Sakamoto has plenty of company. Japan’s most celebrated modern-dance troupe, Sankai Juku, is based in Paris. The country’s finest baseball player, Ichiro Suzuki, has moved to Seattle. Thousands of Japan’s most talented and creative individuals are joining the flight into exile–not only artists and athletes, but scientists and engineers as well. In the past 10 years the number of Japanese who are permanent residents abroad has risen 23 percent to a record level of nearly 900,000. “Young, talented Japanese are going abroad and discovering the world of individuality,” says Ryu Marakami, one of the country’s leading novelists. “The only things we have to attract them back are sushi and soba.”
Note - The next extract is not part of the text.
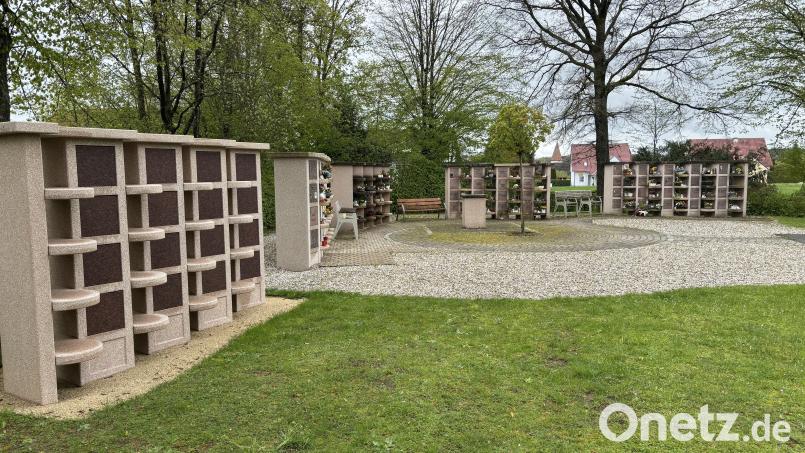 Auch die Fläche vor der neuen Urnenwand im Ammerthaler Friedhof soll bald gepflastert werden, damit ein ungehinderter Zugang möglich ist. Bild: ge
There are important exceptions to the trend: many members of the cultural elite, such as self-portraitist Yasumasa Morimura and filmmaker Takeshi Kitano, have remained in their homeland. Nevertheless, Japan’s runaways include some of the country’s best and brightest. They are out of patience with Japan’s leaden conformity, its stultifying bureaucracy and its moribund economy–and they have the skills, resources and adaptability they need to leave. The worst of it is that Japan desperately needs all the originality and imagination it can muster to climb out of its decadelong losing streak.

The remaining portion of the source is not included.